EXERCISE REQUIREMENTS:
What comes back must be the data itself, retyped exactly.

DATA EXTRACT:
▬▬▬▬▬▬

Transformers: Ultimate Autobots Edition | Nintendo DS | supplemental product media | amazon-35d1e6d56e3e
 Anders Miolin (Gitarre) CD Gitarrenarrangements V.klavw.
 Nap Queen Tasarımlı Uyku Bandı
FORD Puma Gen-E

▬▬▬▬▬▬

TASK SOLUTION:
Transformers: Ultimate Autobots Edition | Nintendo DS | supplemental product media | amazon-35d1e6d56e3e
 Anders Miolin (Gitarre) CD Gitarrenarrangements V.klavw.
 Nap Queen Tasarımlı Uyku Bandı
FORD Puma Gen-E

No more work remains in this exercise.